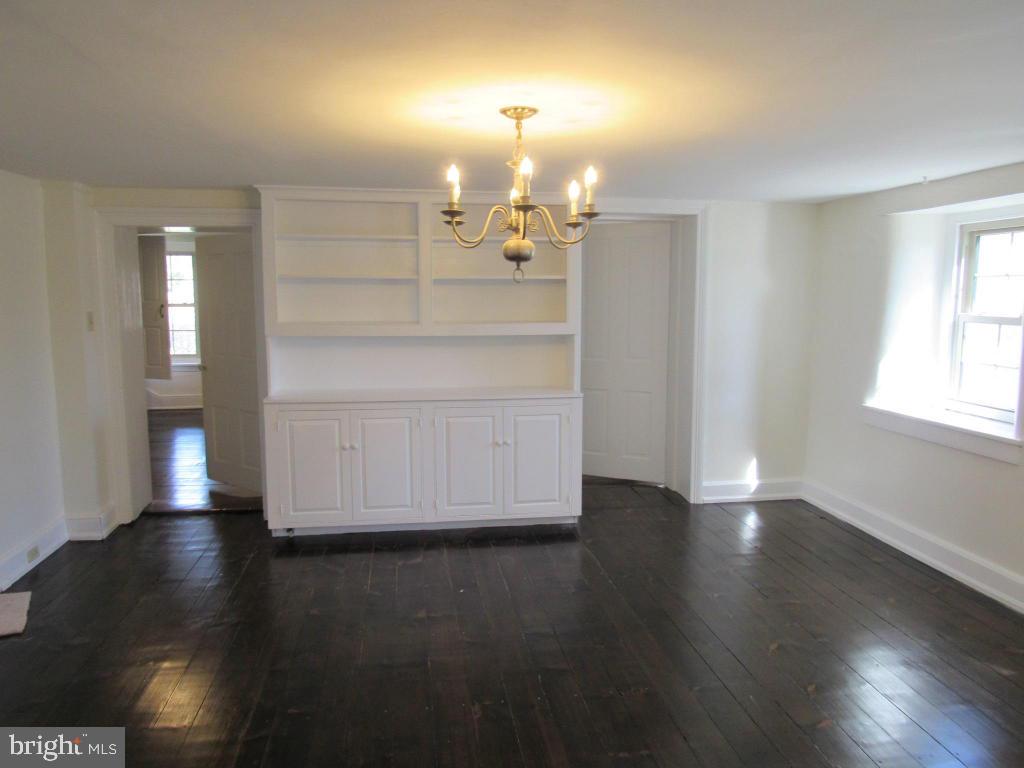 316 Sheeder Road Phoenixville, PA 19460 - Photo 7 of 25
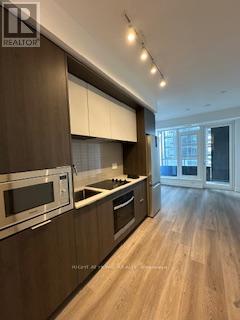 1612 - 395 Square One Drive, Mississauga, Ontario  L5B 0P6 - Photo 15 - W12656190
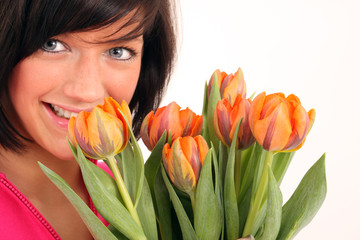 Frau mit frischen Tulpen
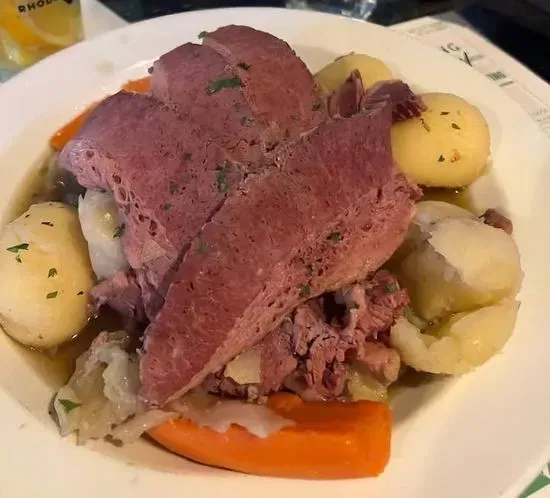 CORNED BEEF AND CABBAGE 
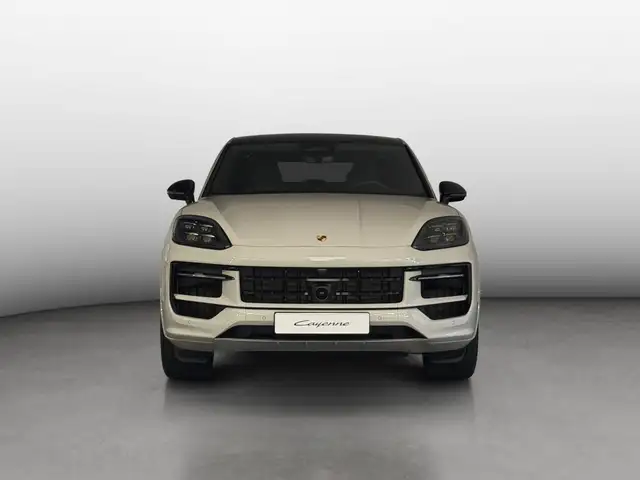 Porsche Cayenne view 8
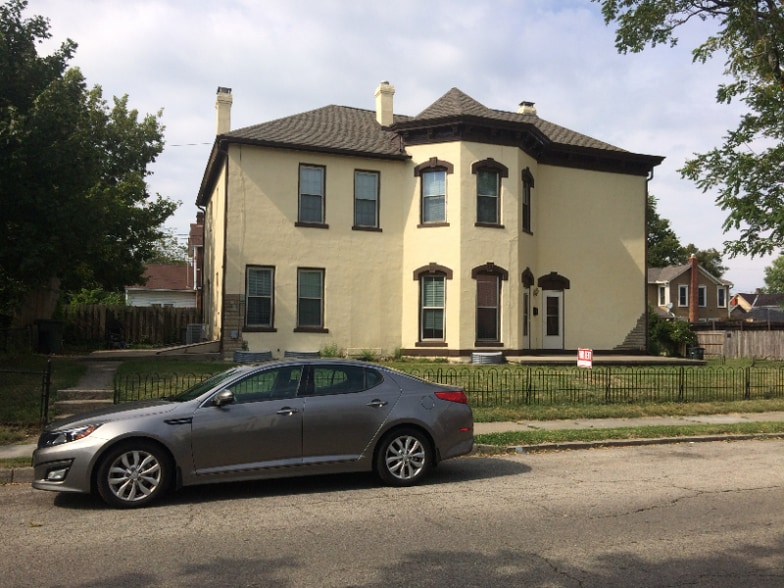 Building Photo - 227 James St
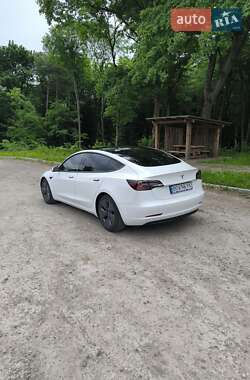 Седан Tesla Model 3 2021 в 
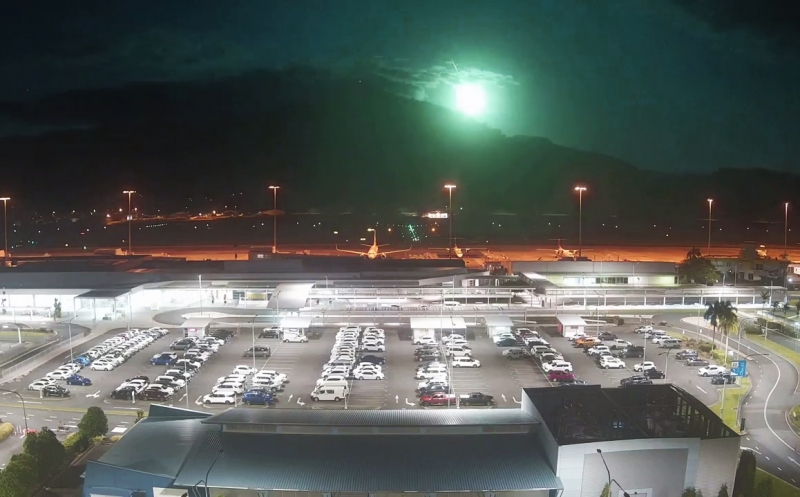 Numai în Australia: prăbușirea unui meteorit deosebit de rar a colorat cerul nopții în verde – VIDEO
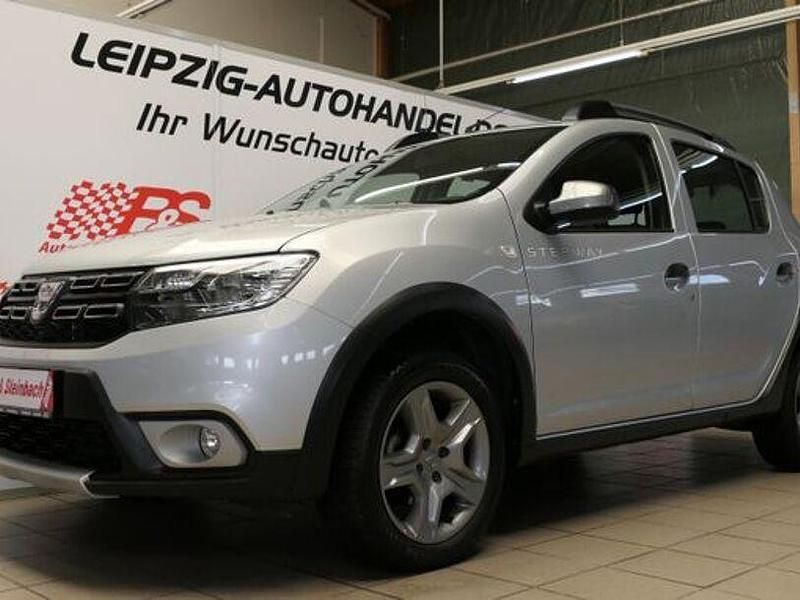 Grau Gebraucht 2017 Dacia Sandero Prestige Kleinwagen | 9.974 € (Fairer Preis) - Bild 1/4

========

Nothing but the lines from the one holding "1612 - 395 Square" through the final line of the entries should be retyped, exactly as they stand and without pictures.

 1612 - 395 Square One Drive, Mississauga, Ontario  L5B 0P6 - Photo 15 - W12656190
 Frau mit frischen Tulpen
 CORNED BEEF AND CABBAGE 
 Porsche Cayenne view 8
 Building Photo - 227 James St
 Седан Tesla Model 3 2021 в 
 Numai în Australia: prăbușirea unui meteorit deosebit de rar a colorat cerul nopții în verde – VIDEO
 Grau Gebraucht 2017 Dacia Sandero Prestige Kleinwagen | 9.974 € (Fairer Preis) - Bild 1/4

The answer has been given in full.